§ Exercise goal
Retyped exactly and without pictures, the lines from the one with "215 Fresh Pond Rd, Falmouth, MA 02536" through the end of the listing must form the entire answer.

Start of Block

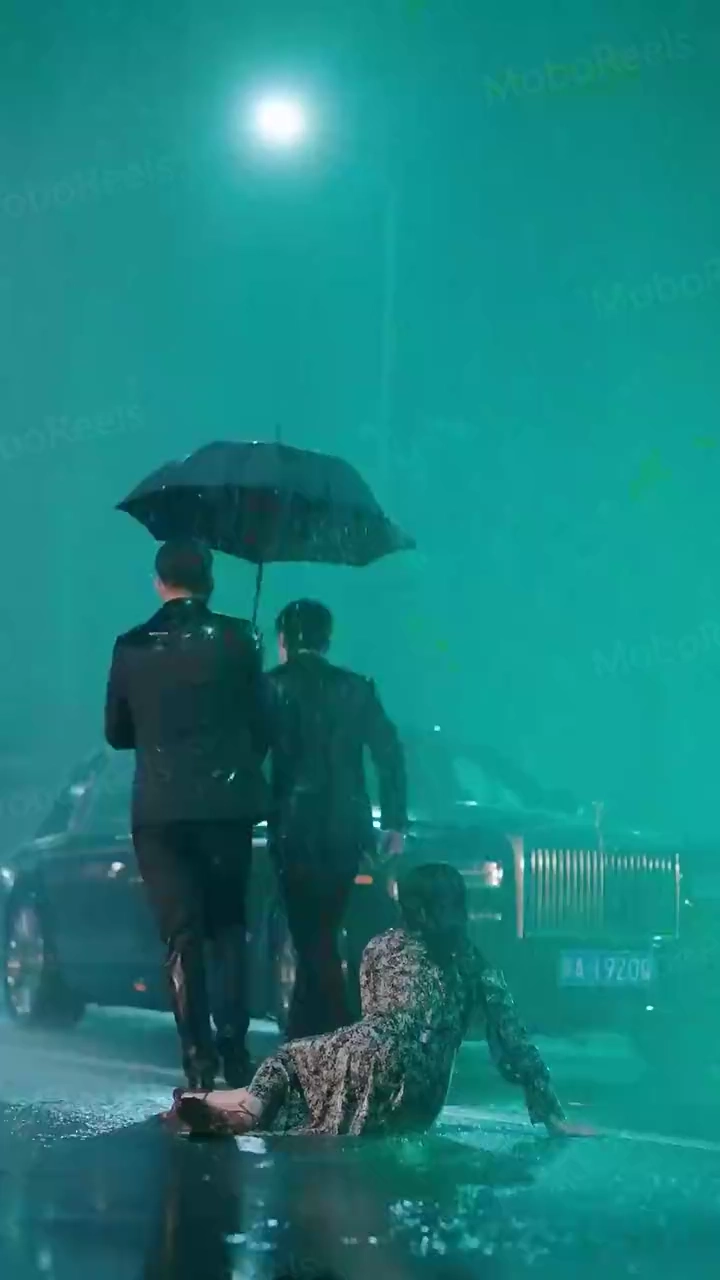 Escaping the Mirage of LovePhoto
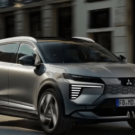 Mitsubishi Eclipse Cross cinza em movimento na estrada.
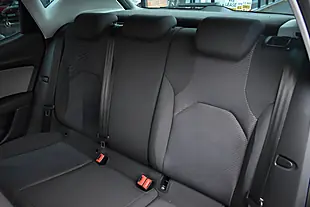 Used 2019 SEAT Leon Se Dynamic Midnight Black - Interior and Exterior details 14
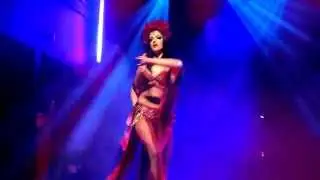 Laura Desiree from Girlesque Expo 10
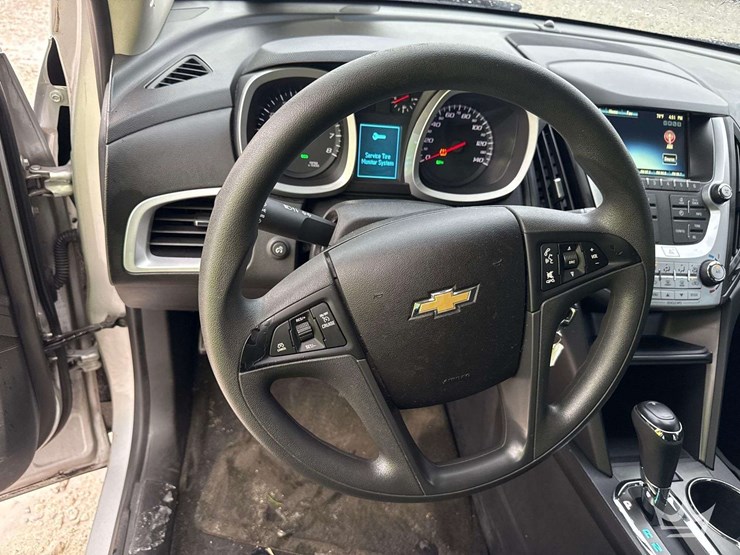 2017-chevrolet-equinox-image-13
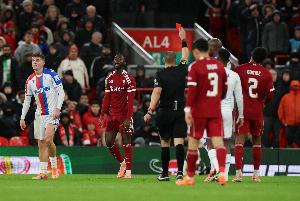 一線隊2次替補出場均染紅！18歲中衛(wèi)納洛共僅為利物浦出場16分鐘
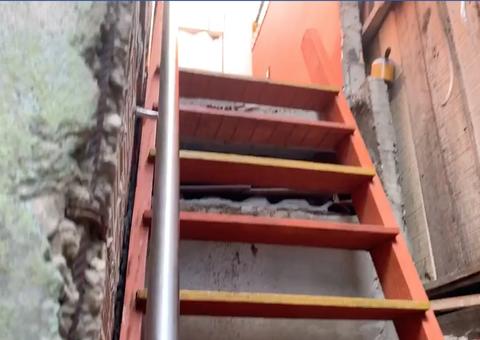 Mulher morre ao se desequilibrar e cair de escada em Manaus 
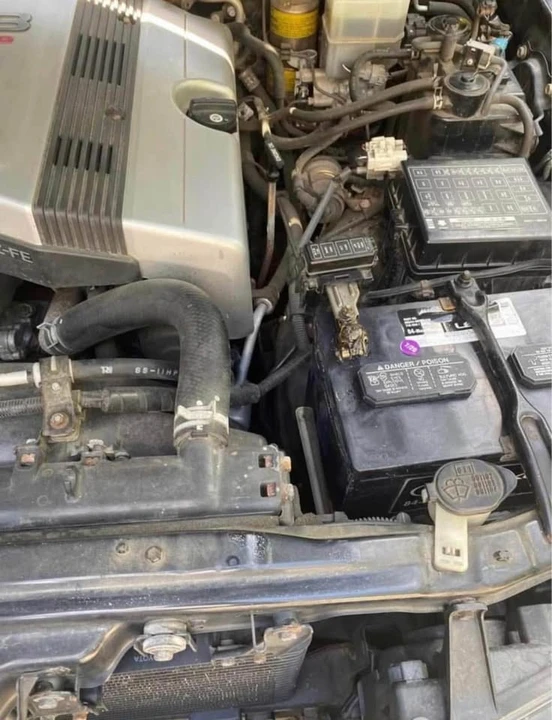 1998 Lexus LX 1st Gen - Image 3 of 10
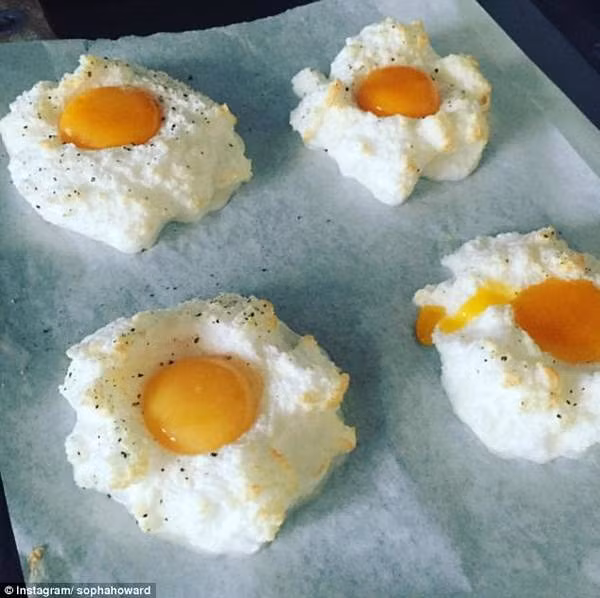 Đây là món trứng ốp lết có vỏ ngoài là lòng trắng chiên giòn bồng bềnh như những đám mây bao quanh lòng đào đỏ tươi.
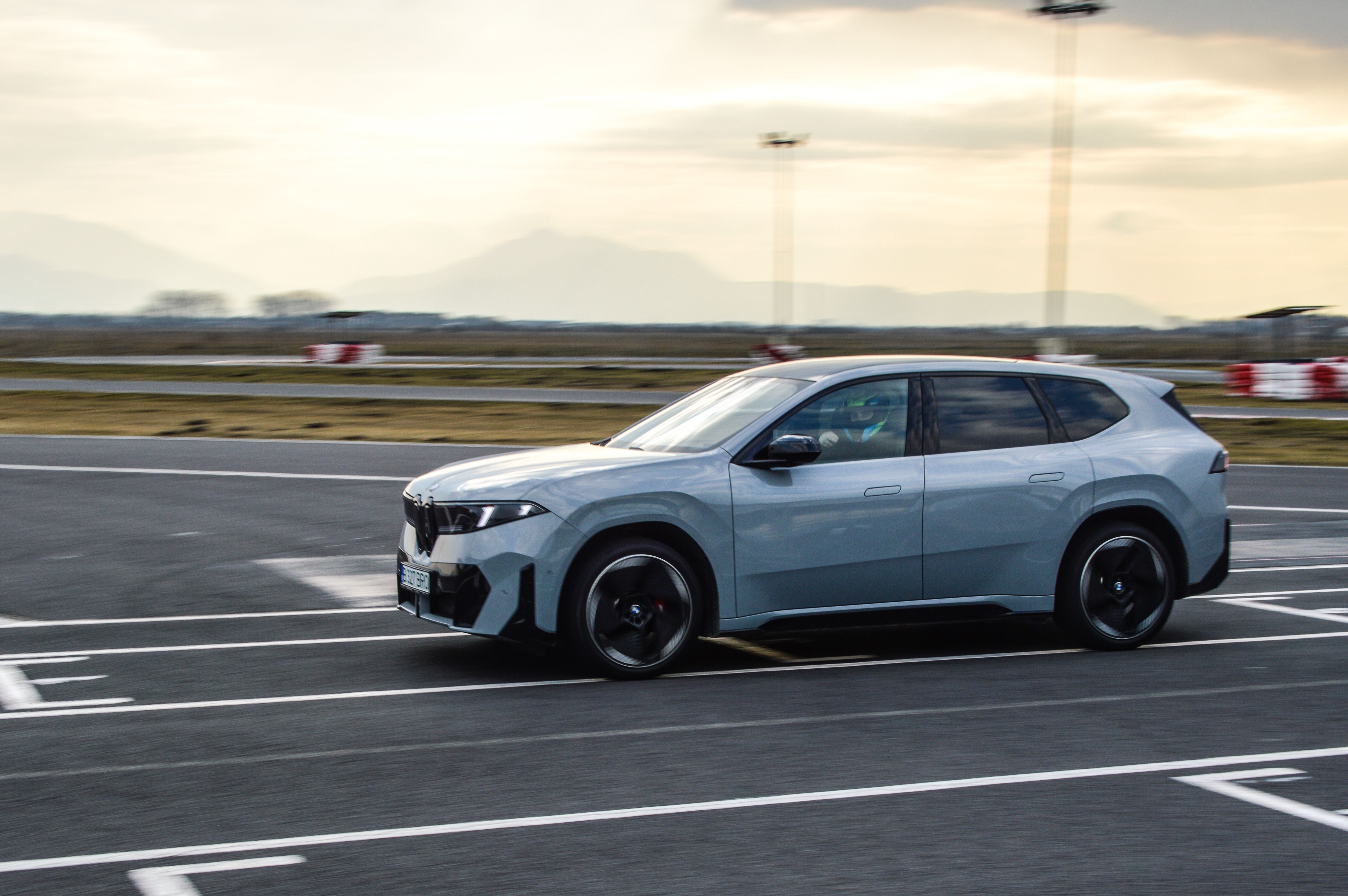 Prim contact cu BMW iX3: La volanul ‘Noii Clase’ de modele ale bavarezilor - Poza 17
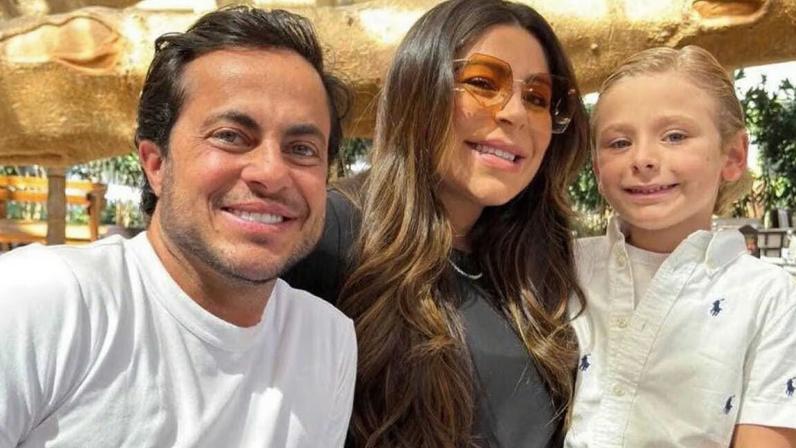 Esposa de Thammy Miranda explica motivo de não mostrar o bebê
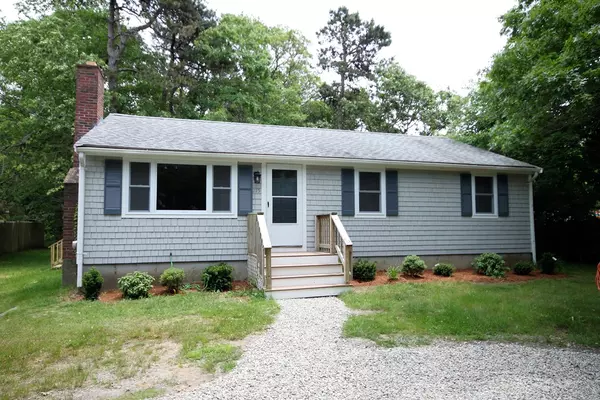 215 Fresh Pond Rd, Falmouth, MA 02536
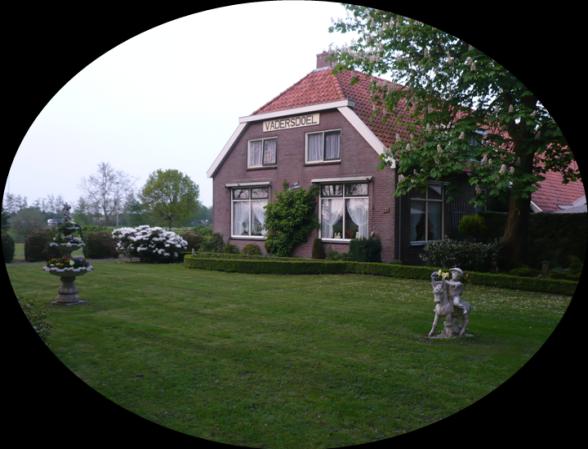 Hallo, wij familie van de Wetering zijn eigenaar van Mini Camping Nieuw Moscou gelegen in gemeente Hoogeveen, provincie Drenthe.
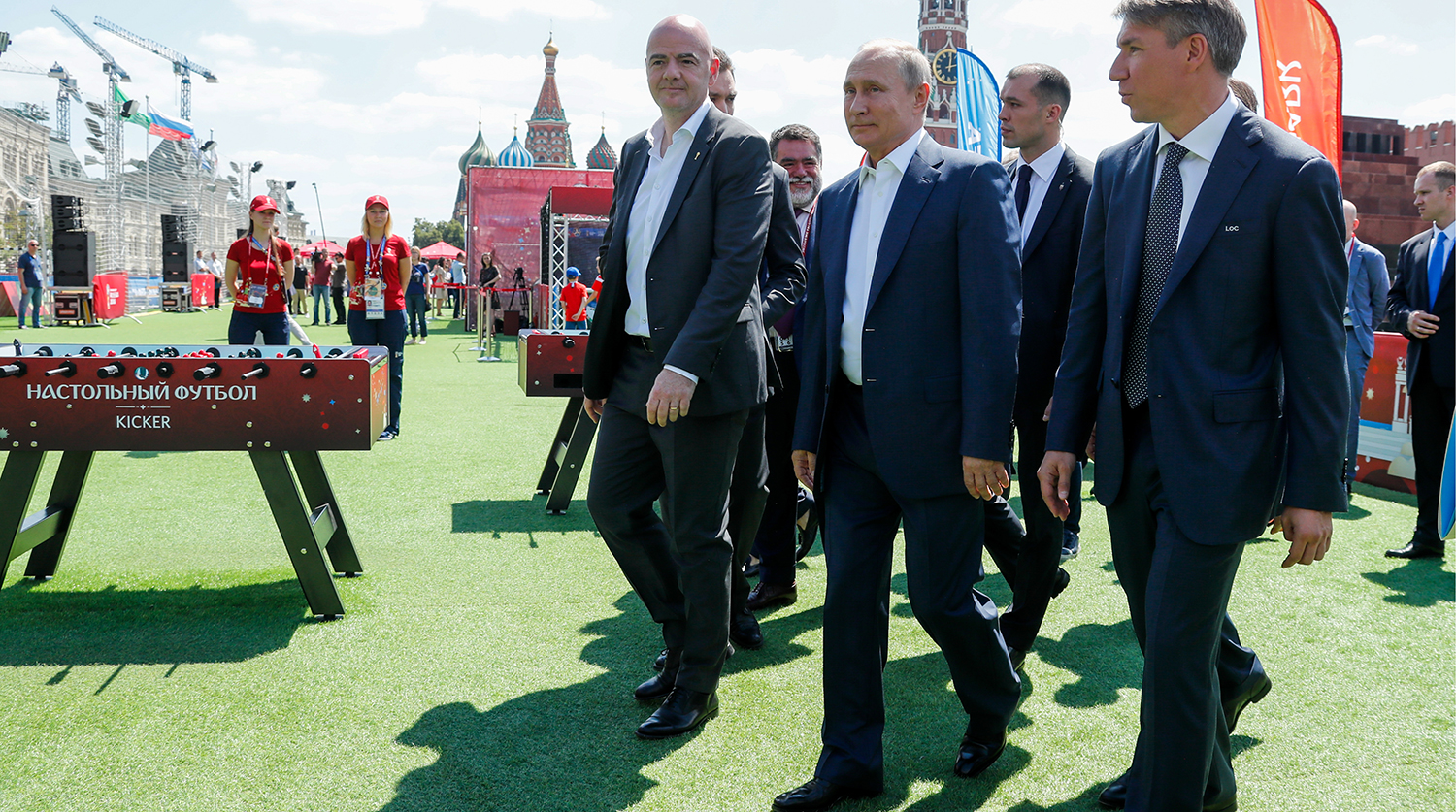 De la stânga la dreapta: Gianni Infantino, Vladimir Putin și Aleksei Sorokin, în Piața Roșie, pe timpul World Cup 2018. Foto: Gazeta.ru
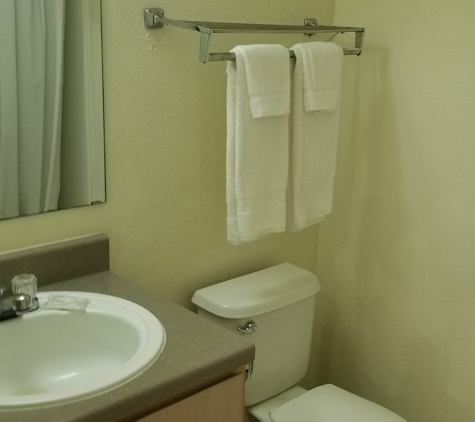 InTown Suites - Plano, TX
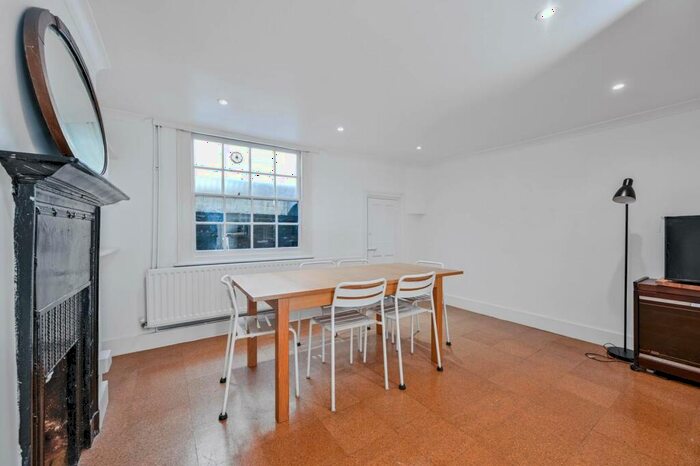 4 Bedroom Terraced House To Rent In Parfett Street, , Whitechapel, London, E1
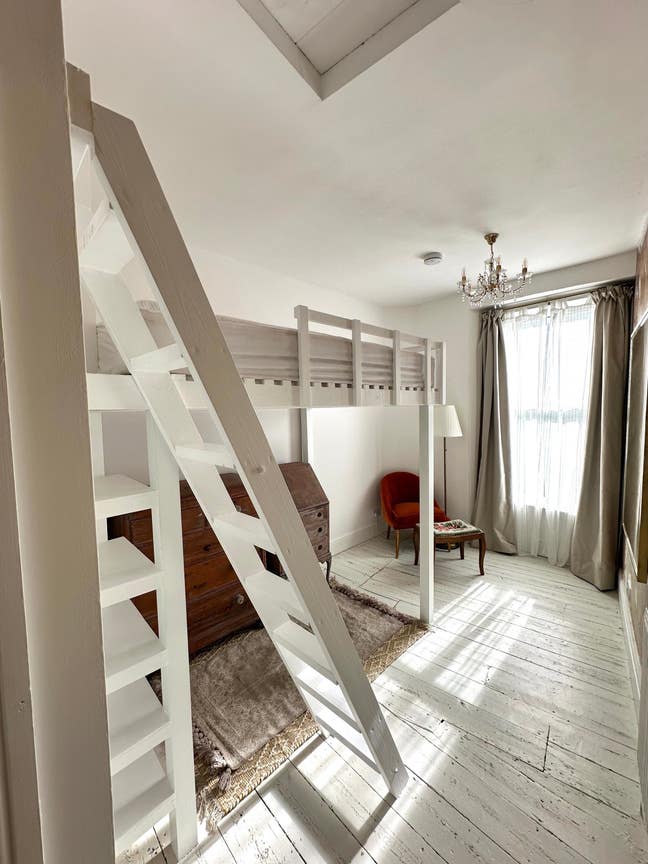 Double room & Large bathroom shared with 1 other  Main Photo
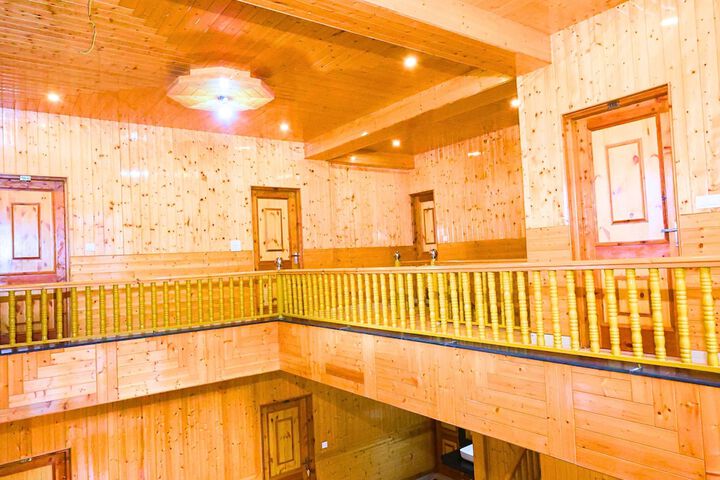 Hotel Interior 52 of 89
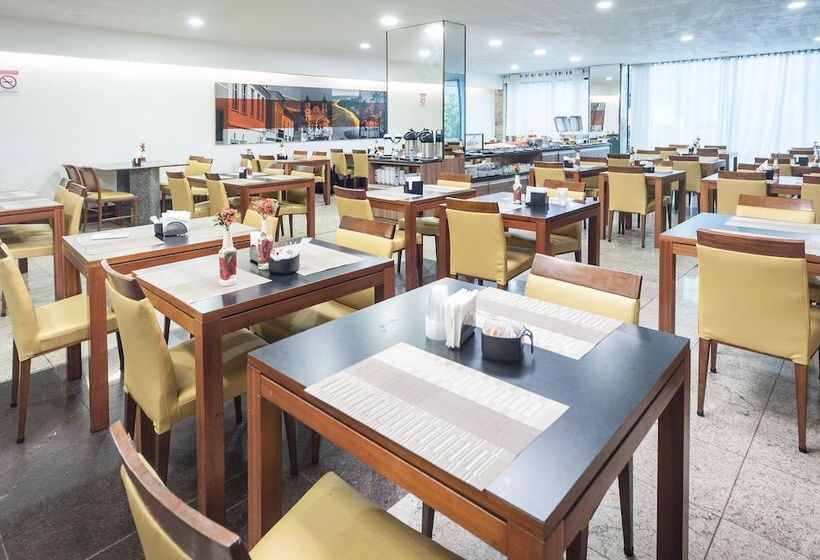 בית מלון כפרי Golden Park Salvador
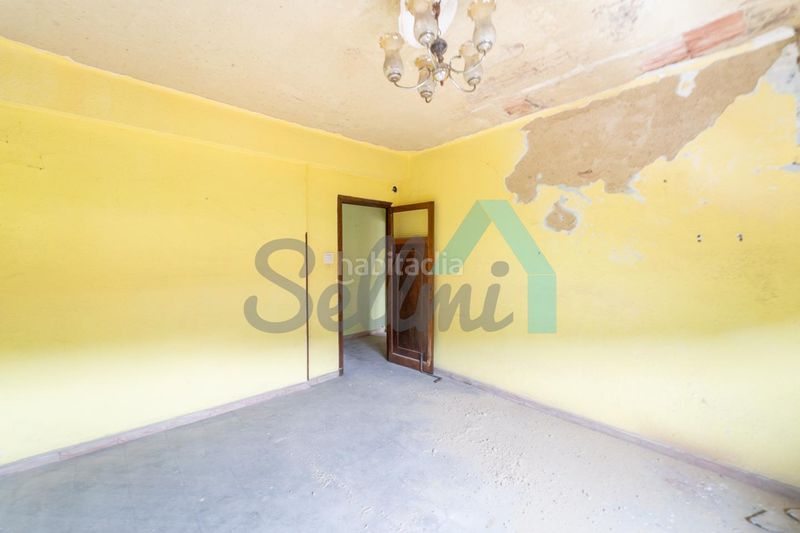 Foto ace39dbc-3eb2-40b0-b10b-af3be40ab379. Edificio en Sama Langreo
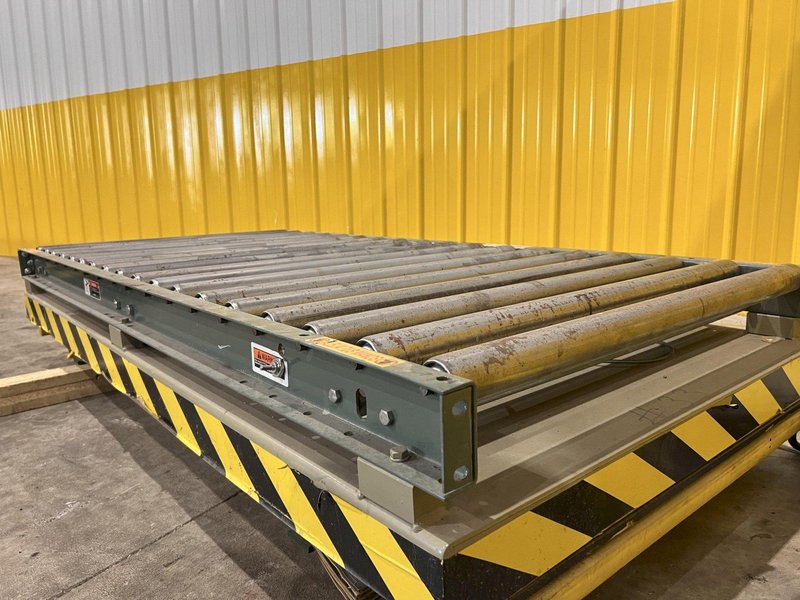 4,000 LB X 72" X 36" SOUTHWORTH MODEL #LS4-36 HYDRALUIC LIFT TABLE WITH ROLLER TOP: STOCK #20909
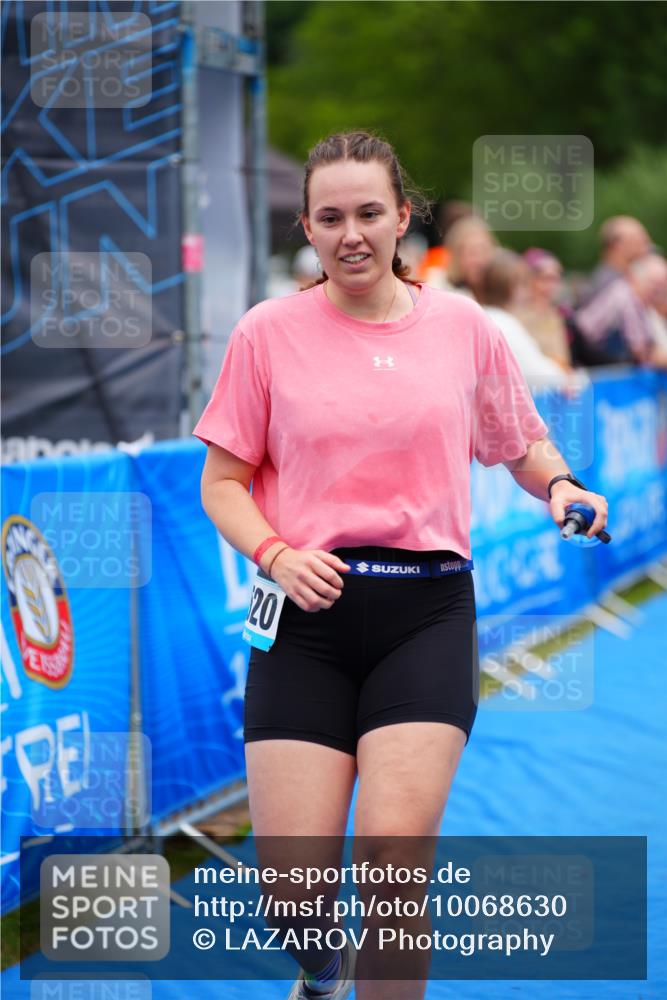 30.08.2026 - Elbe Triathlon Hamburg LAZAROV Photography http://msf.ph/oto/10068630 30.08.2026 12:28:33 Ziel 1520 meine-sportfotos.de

End of Block

§ Output of the exercise
 215 Fresh Pond Rd, Falmouth, MA 02536
 Hallo, wij familie van de Wetering zijn eigenaar van Mini Camping Nieuw Moscou gelegen in gemeente Hoogeveen, provincie Drenthe.
 De la stânga la dreapta: Gianni Infantino, Vladimir Putin și Aleksei Sorokin, în Piața Roșie, pe timpul World Cup 2018. Foto: Gazeta.ru
 InTown Suites - Plano, TX
 4 Bedroom Terraced House To Rent In Parfett Street, , Whitechapel, London, E1
 Double room & Large bathroom shared with 1 other  Main Photo
 Hotel Interior 52 of 89
 בית מלון כפרי Golden Park Salvador
 Foto ace39dbc-3eb2-40b0-b10b-af3be40ab379. Edificio en Sama Langreo
 4,000 LB X 72" X 36" SOUTHWORTH MODEL #LS4-36 HYDRALUIC LIFT TABLE WITH ROLLER TOP: STOCK #20909
 30.08.2026 - Elbe Triathlon Hamburg LAZAROV Photography http://msf.ph/oto/10068630 30.08.2026 12:28:33 Ziel 1520 meine-sportfotos.de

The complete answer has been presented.